INFORMATION SHOWN
===============

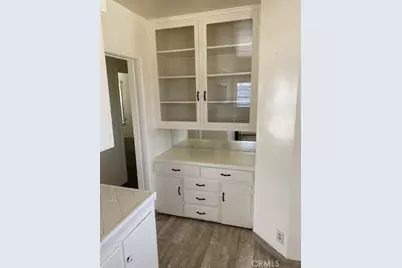 137 W Fredricks, Barstow, CA 92311 - Photo 4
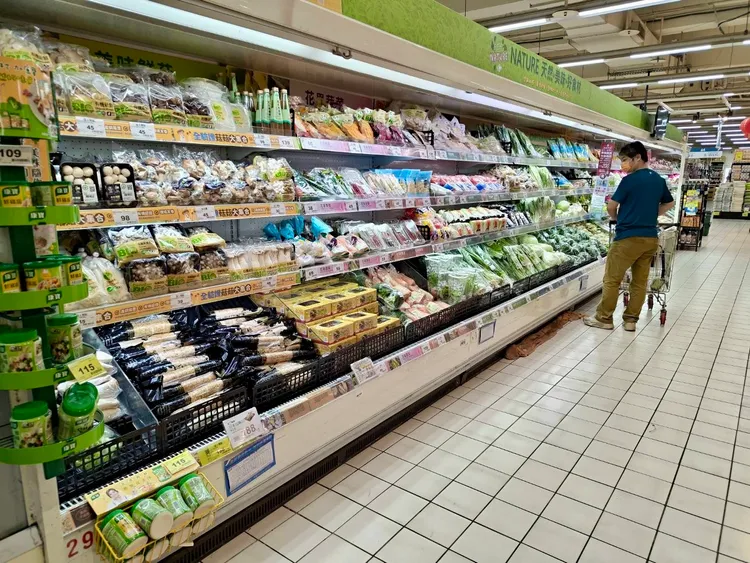 量販店蔬菜區。家樂福提供
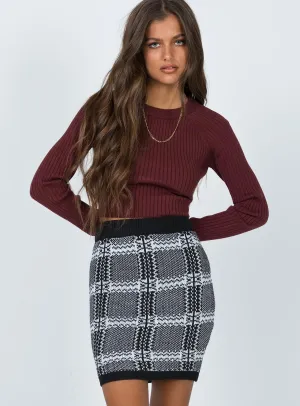Tori Mini Skirt Black / White Urban Pulse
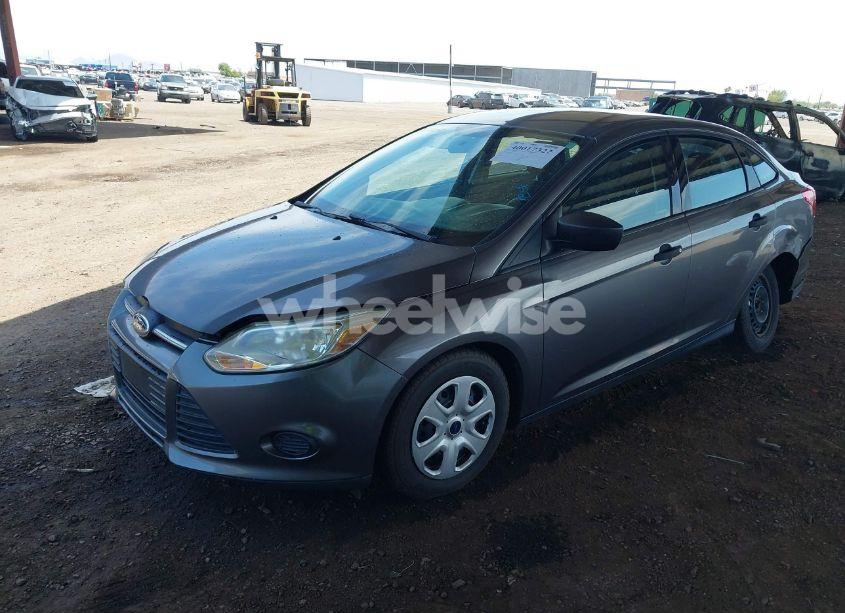 Photo 2 of 2014 Ford Focus S (VIN 1FADP3E26EL311386)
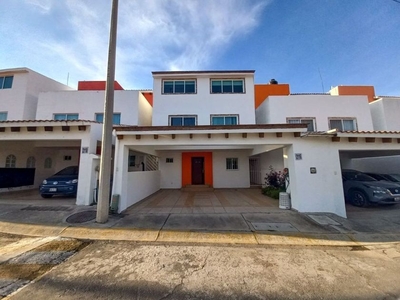 Casa en condominio en renta Metepec, Estado De México, México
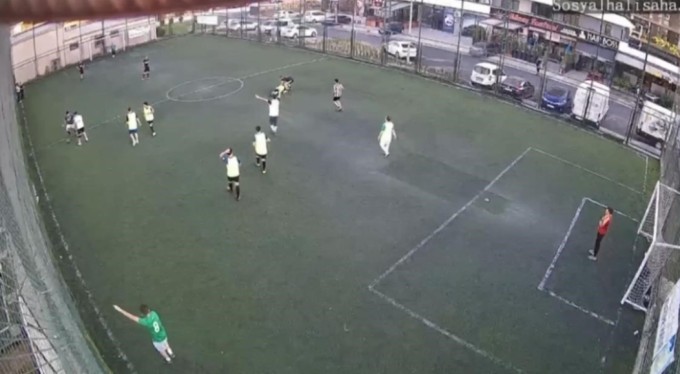 Bursa'da halı sahada arkadaşlarıyla futbol oynarken kalp krizi geçirdi!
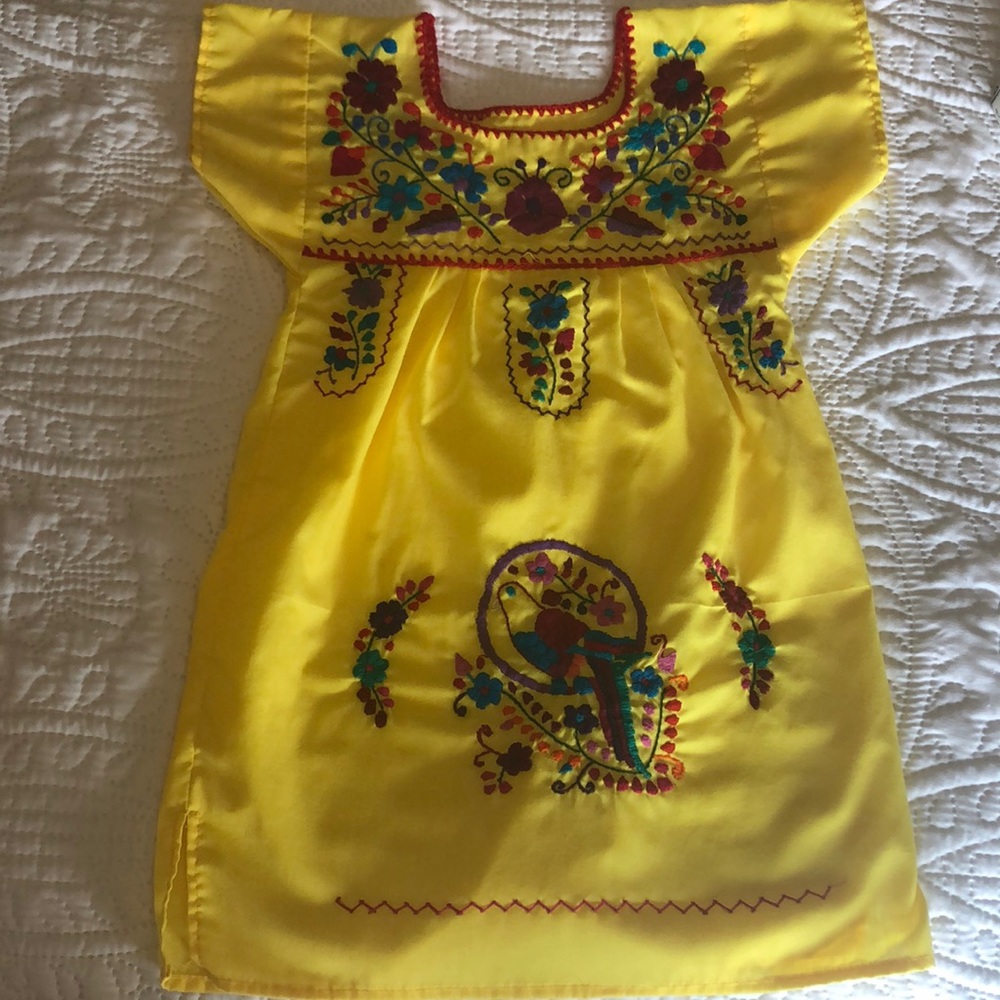 ⭐️bundle 2 for $15⭐️Authentic Mexican Embroidery Girls Yellow Dress
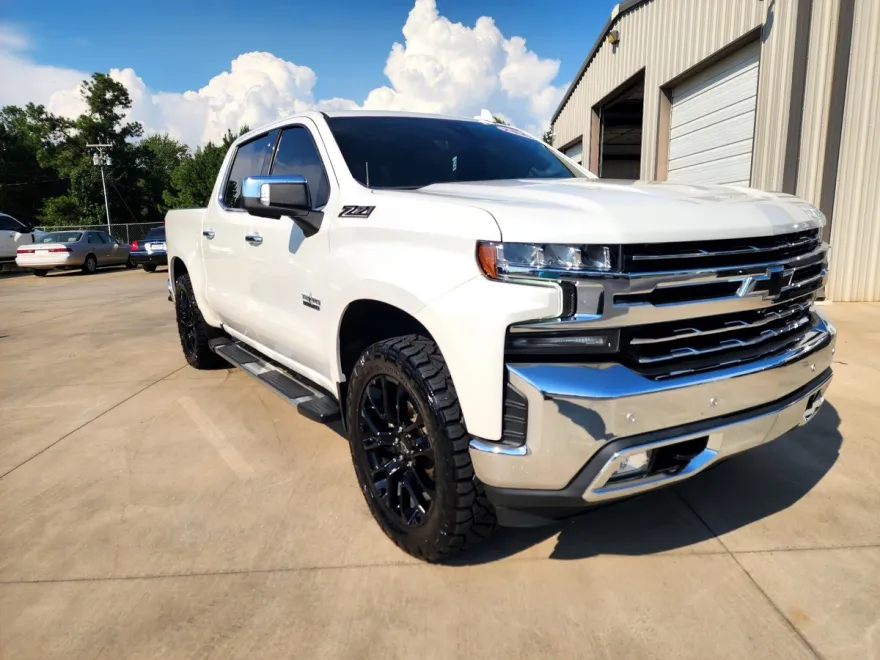 2022 Chevrolet Silverado 1500 LTZ photo 1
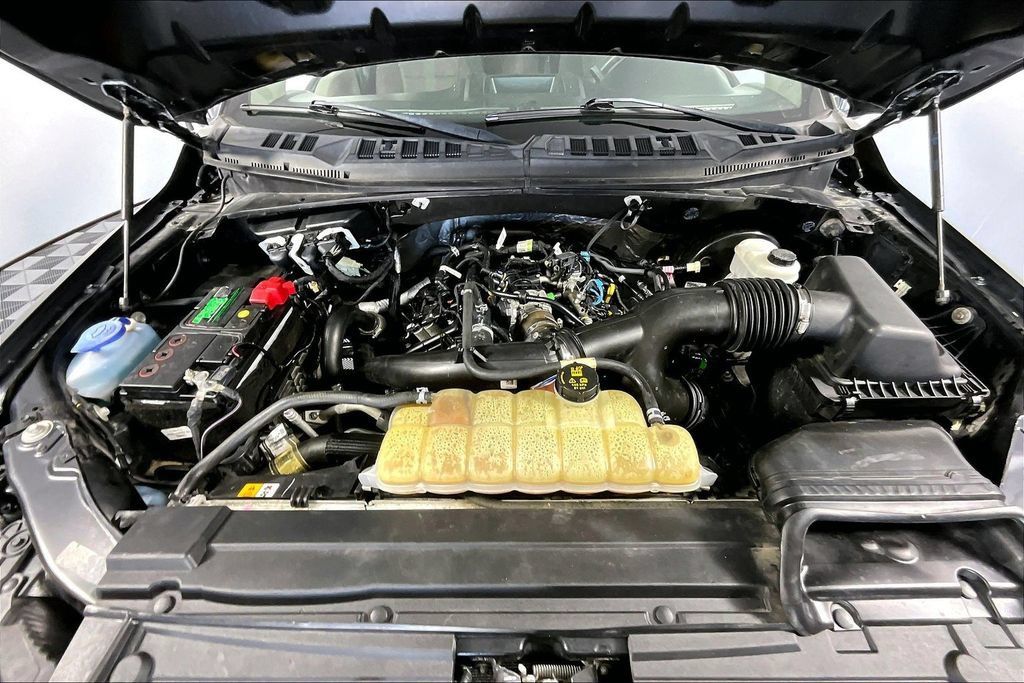 Used 2020 Ford F150 XL w/ Equipment Group 101A Mid RWD image 8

===============

ACTIVITY
Write every entry again exactly as given, skipping the pictures.

TASK OUTPUT
 137 W Fredricks, Barstow, CA 92311 - Photo 4
 量販店蔬菜區。家樂福提供
Tori Mini Skirt Black / White Urban Pulse
 Photo 2 of 2014 Ford Focus S (VIN 1FADP3E26EL311386)
 Casa en condominio en renta Metepec, Estado De México, México
 Bursa'da halı sahada arkadaşlarıyla futbol oynarken kalp krizi geçirdi!
 ⭐️bundle 2 for $15⭐️Authentic Mexican Embroidery Girls Yellow Dress
 2022 Chevrolet Silverado 1500 LTZ photo 1
 Used 2020 Ford F150 XL w/ Equipment Group 101A Mid RWD image 8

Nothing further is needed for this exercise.